[Date Prev] | [Thread Prev] | [Thread Next] | [Date Next] -- [Date Index] | [Thread Index] | [List Home]
Subject: Firewall vendor participation
-------- Original Message --------
Subject: Re: [openc2-actuator] Re: [EXT] [openc2-actuator] Re: Firewall
Profile: Target types and specifiers
From: Bret Jordan <Bret_Jordan@symantec.com>
Date: Wed, April 04, 2018 12:43 pm
To: Dave Lemire <dave.lemire@g2-inc.com>
Cc: "Everett, Alex D" <alex.everett@unc.edu>, "Brule, Joseph M"
<jmbrule@radium.ncsc.mil>, "openc2-actuator@lists.oasis-open.org"
<openc2-actuator@lists.oasis-open.org>
The request for an 80% solution, is that from operators or actual actuator vendors? Meaning, are the firewall vendors coming and asking OpenC2 to produce a standard that is 80% there?
Bret
From: Dave Lemire <dave.lemire@g2-inc.com>
Sent: Wednesday, April 4, 2018 10:21:42 AM
To: Bret Jordan
Cc: Everett, Alex D; Brule, Joseph M; openc2-actuator@lists.oasis-open.org
Subject: Re: [openc2-actuator] Re: [EXT] [openc2-actuator] Re: Firewall Profile: Target types and specifiersI often feel that we are going about this whole thing wrong, or completely inside out. Without the right people at the table, the probability that we get it wrong or design something that will not be adopted is high.
Then our #1 focus should be a strategy for getting the right people to the table. However, beyond creating and promoting a reasonably high-visibility standards effort with a well-known standards body (check), I've got nothing.
Horse, water, drink problem, I guess.
I'll note, however, that Joe and I have consistently heard feedback along the lines of "get us an 80% solution sooner" in several one-on-one conversations with interested parties. Are the people already at the table 80% smart on the essential matters?
Dave
From: Dave Lemire <dave.lemire@g2-inc.com>
Sent: Wednesday, April 4, 2018 7:00:29 AM
To: Bret Jordan
Cc: Everett, Alex D; Brule, Joseph M; openc2-actuator@lists.oasis-open.org
Subject: Re: [openc2-actuator] Re: [EXT] [openc2-actuator] Re: Firewall Profile: Target types and specifiersBret: I'm entirely sympathetic to your view regarding expertise but I also honestly think that we have to play with the team we've got. When we publish something that's wrong, the experts will emerge from hiding to tell us that. So I see the current effort as essentially forcing the process to get going.
Dave
On Tue, Apr 3, 2018 at 6:00 PM, Bret Jordan <Bret_Jordan@symantec.com> wrote:
I still hold to the idea that I am not sure we have the right people at the table for this. Yes many of us, myself included, have run very large networks with loads of firewalls and security devices, however, this is not enough. What we need are SEs and Architects from vendors that actually make these devices. It would be nice to figure out what these vendors actually do already, so that we can "standardize" on it. This will greatly increase the possibility of adoption.
Bret
From: openc2-actuator@lists.oasis-open.org <openc2-actuator@lists.oasis-open.org > on behalf of Everett, Alex D <alex.everett@unc.edu>
Sent: Tuesday, April 3, 2018 9:38:59 AM
To: Brule, Joseph M; 'openc2-actuator@lists.oasis-open.org '
Subject: [EXT] [openc2-actuator] Re: Firewall Profile: Target types and specifiersMy comments inline
From: openc2-actuator@lists.oasis-open.org <openc2-actuator@lists.oasis-open.org > on behalf of Brule, Joseph M <jmbrule@radium.ncsc.mil>
Sent: Tuesday, April 3, 2018 10:10 AM
To: 'openc2-actuator@lists.oasis-open.org '
Subject: [openc2-actuator] Firewall Profile: Target types and specifiersActuator Profile SC,
I ran into some interesting questions while going through the target types and request feedback on the following five questions:
QUESTION ONE:
The current draft has the ip-connection target type which is: src address, dest address, src port, dest port and next protocol
The current draft also has the ip-addr target type
So the question is, do we really need the ip-addr? It seems to me that we can just have the ip-connection target type and you don't have to specify the complete five-tuple. Logical?

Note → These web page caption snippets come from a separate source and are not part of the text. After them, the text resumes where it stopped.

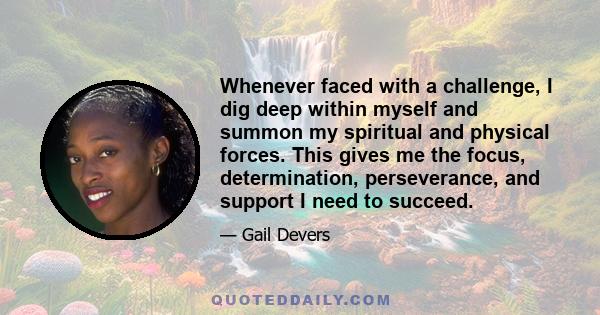 Whenever faced with a challenge, I dig deep within myself and summon my spiritual and physical forces. This gives me the focus, determination, perseverance, and support I need to succeed.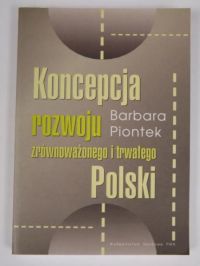 Koncepcja rozwoju zrównoważonego i trwałego Polski
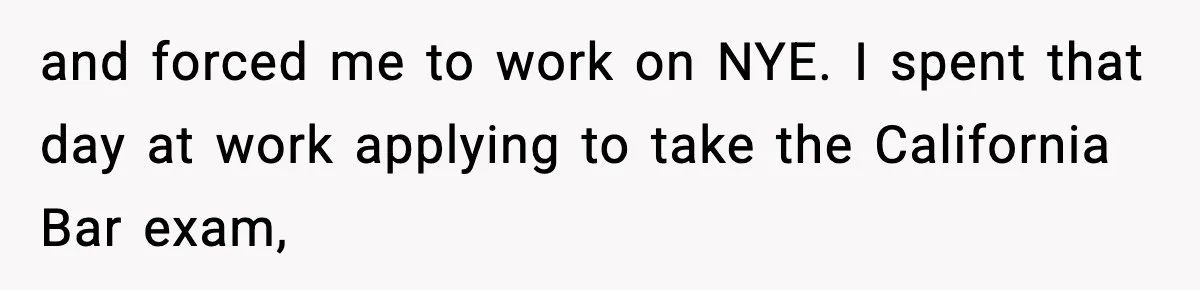 Manager Says “You’ll Never Get 80K Anywhere Else,” Analyst Proves Him Wrong With A 92K Offer In Three Days and forced me to work on NYE. I spent that day at work applying to take the California Bar exam,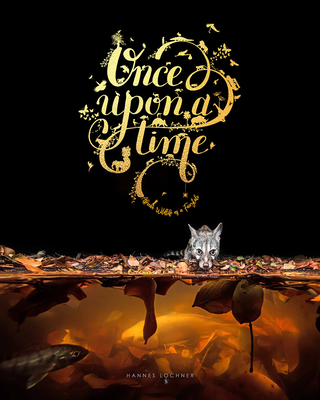 Once Upon a Time: An Intimate Insight Through Storytelling and Wildlife Photography. - Lochner, Hannes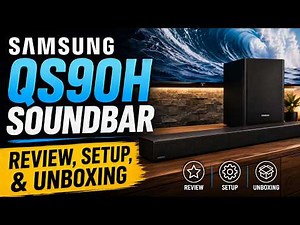 Samsung QS90H Soundbar Review, Setup, & Unboxing - Amazing Cinematic Sound for Your TV!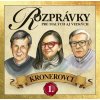 Krónerovci - Rozprávky pre malých aj veľkých CD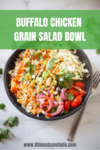 Try this quick and easy buffalo chicken grain salad. www.lillieeatsandtells.com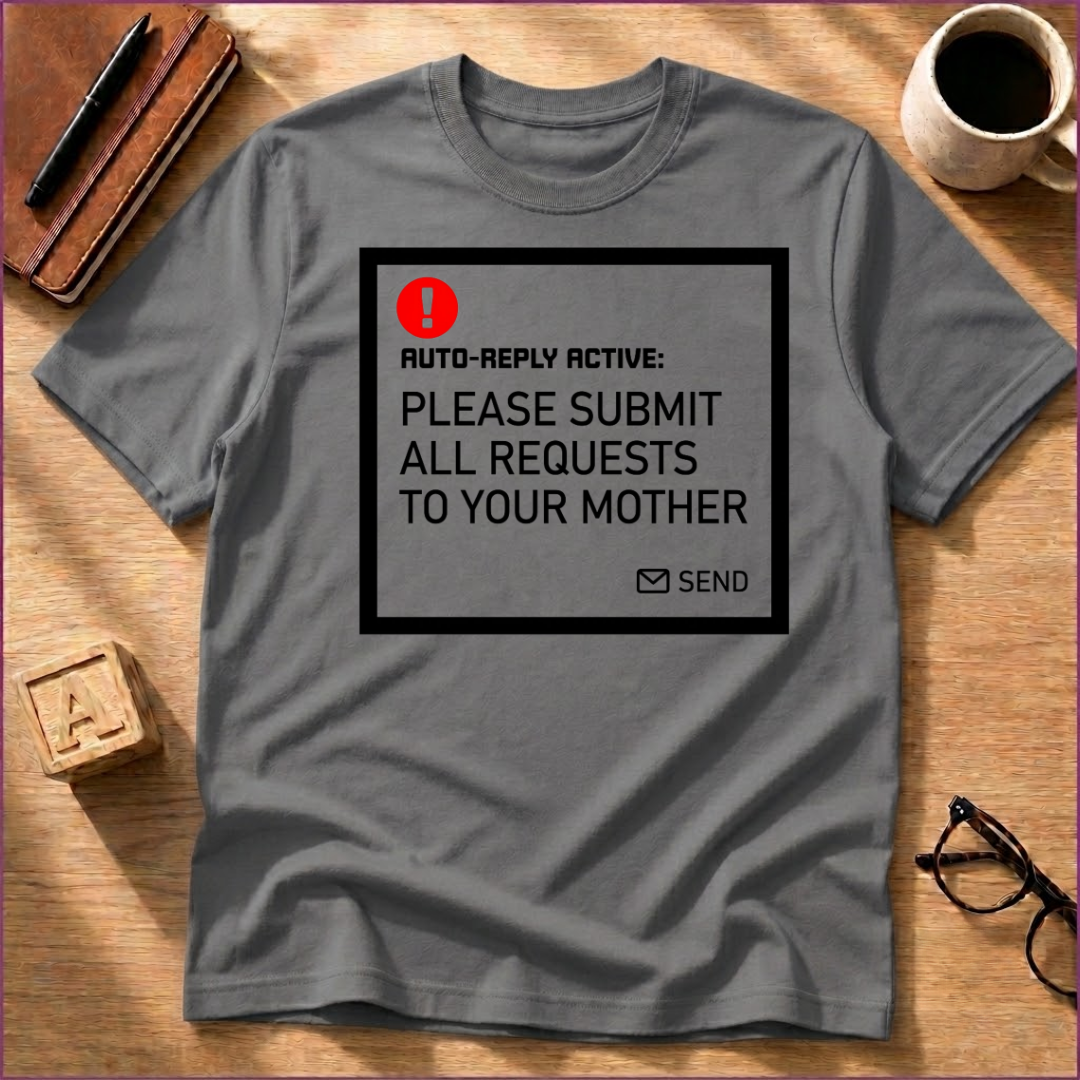 Submit Requests to Mom T-Shirt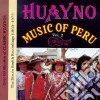 Huayno Music Of Peru' Vol.2 / Various cd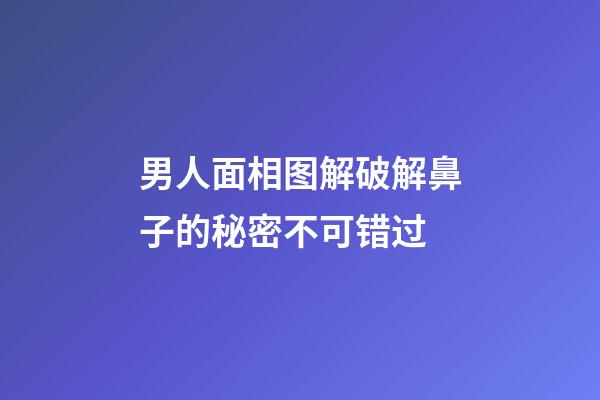 男人面相图解破解鼻子的秘密不可错过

--- We could, though I think most of the use cases would be block this IP as a source or destination, so that may be odd to think of using ip-conn. I think you would have to make two calls to do that which would be counterintuitive. I think the common case is you just want it blocked, you dont care about the details.
QUESTION TWO:
During one of the AP biweeklies, one of the members stated we need to be able to specify if the deny or allow is for the inbound or outbound traffic.
I cooked up a specifier called 'interface' and then say the allowable values are 'ingress', 'egress' or both.
So the question is: are these the correct terms? Or should we use something else such as outbound, inbound, or internal, external?
Also, I assume the default value should be 'both'. Correct?
--- I think this could get too complicated.Blocking an IP seems to me to be something that is easy to understand and probably implement for a packet filter or firewall. Directionally blocking is more of a feature of a stateful firewall. If we decide to support this for a stateless firewall, it gets pretty complicated quickly. We probably then need to support TCP flags, group names, ACL names, physical and logical interfaces, policy names, etc. I just dont know how a packet filter service would know exactly what to do with the command.
QUESTION THREE:
During one of the AP biweeklies, one of the members suggested we have a 'heartbeat' target type for query. The use case is along the lines of the orchestrator wants to confirm that the actuator is up and running and sends a 'query heartbeat' and I suspect that the appropriate response code is 200 (or 401)
So the question is: Is 'heartbeat' ok for the target type?
BTW, I did get two comments on this topic:
Comment one: We don't need the heartbeat target type because you can handle that at layer four.
Comment two: Rather than have a 'heartbeat' target type, simply define 'heartbeat' as one of the specifiers in the (preexisting) openc2 target type.
--- I am leaning towards this is a good feature and leaning toward comment 2.
QUESTION FOUR:
The persistent option results in a permanent rule that will be retained in the event of a powerdown, restart or reset. The running option results in an ephemeral rule that is active while the firewall is running, but not retained after a reset.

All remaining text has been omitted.